Letter writing, especially in community newspapers, takes some nerve at times because of the mind set in small towns that can scoff at public points of view with...who do you think you are?
The Advertiser once printed letters with a "nom de plume"(e.g.
Concerned citizen) to allow concealment of real names. CBC radio used to allow callers to comment without revealing their name over the airwaves. But those anonymous days are gone.
Yet, online the Advertiser, CBC, The Globe and Mail, The Toronto Star, National Post and many other national and international websites allow commentators to use concocted names to say pretty well anything they want within the guidelines of the website. Thus, the web is a cyber free-for-all with lots of anonymous nasty and vindictive personal attacks. Issues become irrelevant.
Provincially, former premier Brian Peckford voiced opposition to Muskrat Falls, but online more than one commentator wanted to bring up the Sprung greenhouse fiasco and not the issue at hand.

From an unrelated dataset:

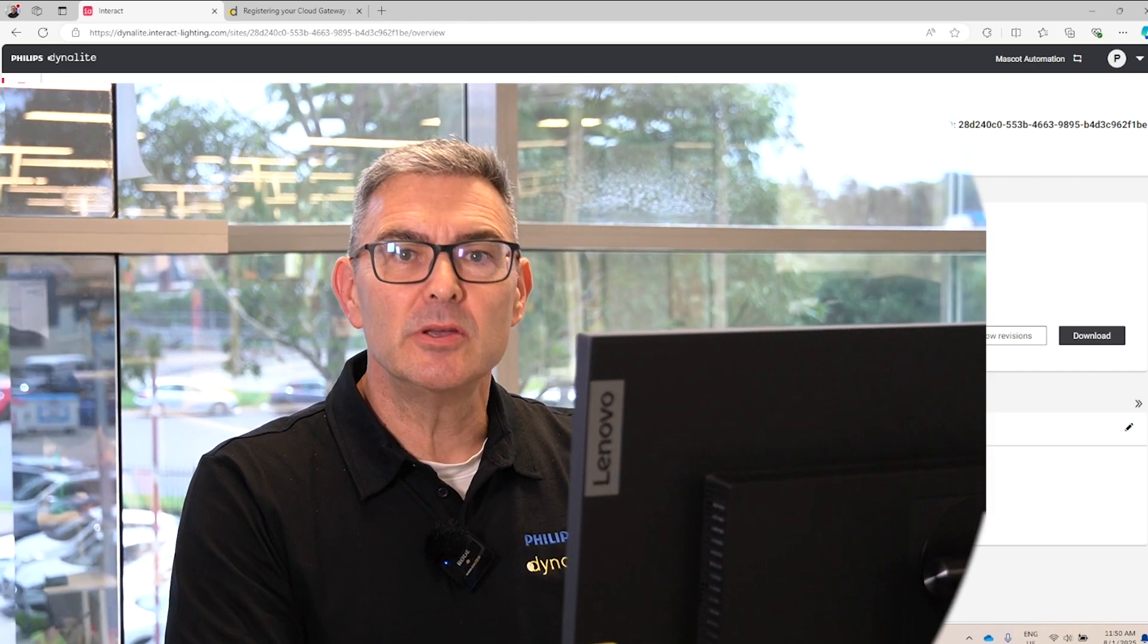And that's how you remotely connect a Dynalight system to the Dynalight cloud that is going to allow service providers to provide an enhanced service to their customers, a faster response time and a better experience when maintaining an evolving Dynalight lighting control system. Thanks again for watching and I look forward to talking to you about the cloud in future videos.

Federally, Public Safety Minister Vic Toews has been personally attacked over the proposed, controversial, bill in Parliament that deals with Internet issues, including child pornography.

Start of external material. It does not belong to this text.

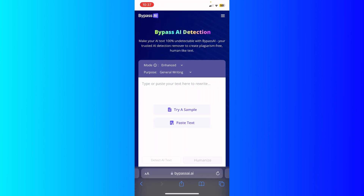After you paste it right here, you're going to be able to see if there are any mistakes that make the text feel like it's been AI-written. Just paste it here and humanize the text.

Municipally, the website Municipal Matters allowed people to make comments on the closure of the mill, expropriation, the hydro power, High Street and other issues. However, anonymous, nasty, personal attacks aimed at town councillors, mayors and MHAs often poisoned the good comments of others.
It's too bad the gutter crawlers show up online because they are such a contrast to the many anonymous commentators who can be not only insightful and thoughtful, but also hilariously witty.
Nasty online comments can be easily squashed if Internet sites had a "no anonymity" policy like print and broadcasters. The New York Times is on the forefront of killing low brow comments with the registering of commentators, rigorous comment standards and the use of real names only or shortened ones, showing location.
Meanwhile, sites that permit anonymous comments could make better use of filtering programs that weed out profanity, personal attacks, name-calling and vulgarity.
The column, Occupy Port aux Basques (Advertiser, Feb. 2), generated one online comment from someone named Lane. He or she said "Wow. The misinformation in this column is breath-taking." Yet, Lane did not point out any misinformation to me or readers. And went on to make (his or her) seven points.
Lane wasn't nasty, just anonymous. Why would Lane and others online hide their real names? Stooges? Political hacks? Employees? Hired consultants? Or just too intimidated to stand behind their comments? No matter. The anonymous online are not truly anonymous because computer IP addresses can be traced.
Meanwhile, the anonymous (leaking out crooked or questionable behaviour of politicians, police, business leaders, church officials and others in power) have their place. Ordinarily though, commentators online tend not to be whistleblowers.
Over all, I prefer commentators in any media to use their real names. However, I can tolerate concealing real names on the Internet as long as the comments are on the issue, civilized and without the - below the belt - personal attacks.
As for opinions, undoubtedly - with mill gone almost three years - there are plenty in this town and region as people gather in coffee groups, breakfast or lunch meetings, social settings, offices, staff rooms, women's groups and so on.
And surely, gatherings around the barbecue generate plenty of heat. And not just under the steaks!
Yet, all that talk becomes hot air - muted words that hardly ever become letters to the editor or even as anonymous comments online. Pity!
As for the cyber free-for-all with its rotten, nasty comments; hopefully, it will disappear - sooner rather than later - with cyber versions of Caller ID and Star 69.
For now though, the best remedy for the nasty and the likes. Delete, delete, delete!